**Available data**
☆ ☆ ☆ ☆

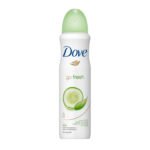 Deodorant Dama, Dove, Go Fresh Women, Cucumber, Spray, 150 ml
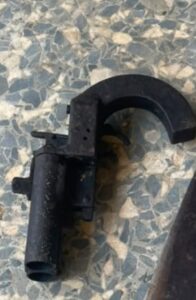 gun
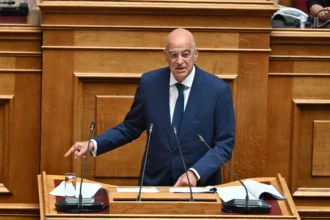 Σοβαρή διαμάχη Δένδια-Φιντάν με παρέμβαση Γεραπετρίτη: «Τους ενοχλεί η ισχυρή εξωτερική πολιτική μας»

☆ ☆ ☆ ☆

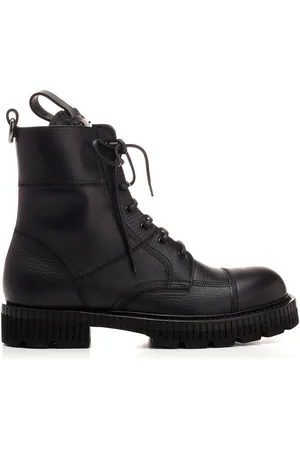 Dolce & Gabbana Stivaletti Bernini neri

☆ ☆ ☆ ☆

**Exercise goal**
Would you please repeat only the lines above, beginning at the one that has "Deodorant Dama, Dove, Go" and stopping after the one that has "Σοβαρή διαμάχη Δένδια-Φιντάν", exactly and with no pictures?

**Exercise answer**
 Deodorant Dama, Dove, Go Fresh Women, Cucumber, Spray, 150 ml
 gun
 Σοβαρή διαμάχη Δένδια-Φιντάν με παρέμβαση Γεραπετρίτη: «Τους ενοχλεί η ισχυρή εξωτερική πολιτική μας»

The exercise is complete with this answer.